Please use this identifier to cite or link to this item: http://repositorio.ufla.br/jspui/handle/1/12992
Title: Aplicação da espectroscopia no infravermelho próximo para avaliação do carvão vegetal
Authors: Hein, Paulo Ricardo Gherardi
Trugilho, Paulo Fernando
Hein, Paulo Ricardo Gherardi
Sales, Priscila Ferreira de
Oliveira, Tiago José Pires de
Keywords: Carvão vegetal
Espectroscopia no NIR
Regressão PLS
Principal Component Analysis (PCA)
Partial Least Squares Discriminant Analysis (PLS-DA)
Charcoal
NIR spectroscopy
Regression PLS
Issue Date: 17-May-2017
Publisher: Universidade Federal de Lavras
Citation: COSTA, L. R. Aplicação da espectroscopia no infravermelho próximo para avaliação do carvão vegetal. 2017. 61 p. Dissertação (Mestrado em Ciência e Tecnologia da Madeira)-Universidade Federal de Lavras, Lavras, 2017.
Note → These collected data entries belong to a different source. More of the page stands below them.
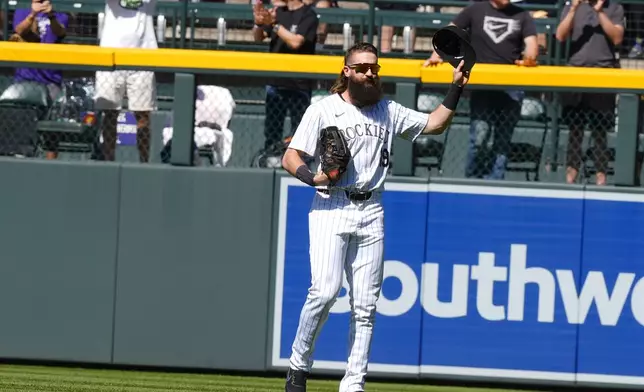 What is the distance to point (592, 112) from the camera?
7.76m

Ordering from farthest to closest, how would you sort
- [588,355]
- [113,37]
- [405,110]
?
1. [113,37]
2. [588,355]
3. [405,110]

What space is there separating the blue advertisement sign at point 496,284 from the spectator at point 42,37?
1.81m

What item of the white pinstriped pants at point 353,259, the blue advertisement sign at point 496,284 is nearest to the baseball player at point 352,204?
the white pinstriped pants at point 353,259

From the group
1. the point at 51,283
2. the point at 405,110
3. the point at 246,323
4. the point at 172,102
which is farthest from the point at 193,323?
the point at 405,110

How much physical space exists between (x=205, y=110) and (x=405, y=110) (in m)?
2.22

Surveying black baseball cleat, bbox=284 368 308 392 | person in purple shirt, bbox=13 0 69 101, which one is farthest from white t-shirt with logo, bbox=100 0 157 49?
black baseball cleat, bbox=284 368 308 392

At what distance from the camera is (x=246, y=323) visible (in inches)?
308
Abstract: For controling the quality of their products, charcoal steels mills require technologies capable of predicting the characteristics of their bioreducing agent quickly and reliably, since conventional analyzes are expensive and time-consuming. Near infrared spectroscopy (NIR) has been successfully applied to determine charcoal properties, allowing material classification in real time. There are no studies in the literature that applied the technique to evaluate the carbonization temperature and the density of the carbonaceous material. Thus, this study aimed to establish multivariate models to estimate gravimetric carbonization yield (GCY), apparent relative density (ARD) and final carbonization temperature (FTC of Eucalyptus charcoal by NIR spectroscopy. Eucalyptus clones from commercial plantations managed for energy purposes and pulp and paper production were used. Wood prismatic specimens with nominal dimensions of 25 mm x 25 mm x 80 mm were carbonized at final temperatures of 400°C, 500°C, 600°C and 700°C. NIR spectra measured directly on 160 charcoal specimens were correlated with GCY and ARD values obtained through conventional laboratory analyzes. Principal component analysis (PCA), partial least squares regression (PLS-R) and partial least squares discriminant analysis (PLS-DA) were utilized based in spectral and experimental information. The NIRS technique associated with PLS-R was able to predict FTP and GCY presenting cross-validation coefficients (R²cv) of 0.96 and 0.85, respectively. It was not possible to predict apparent relative density based on charcoal spectral signature. Mathematical treatments did not provide better calibrations for the charcoal properties evaluated. Crossed and independent validations presented similar statistics, confirming NIR spectroscopy capacity associated with multivariate statistics at controlling charcoal quality. Specimen’s classifications into carbonization temperature groups through PLS-DA obtained 100% correct classification, except for 500°C temperature (97.5%). From the developed models, it is possible to predict charcoal characteristics such as gravimetric carbonization yield and final pyrolysis temperature. This work will serve as a reference for the development of new studies and applications of the technique NIR in charcoal.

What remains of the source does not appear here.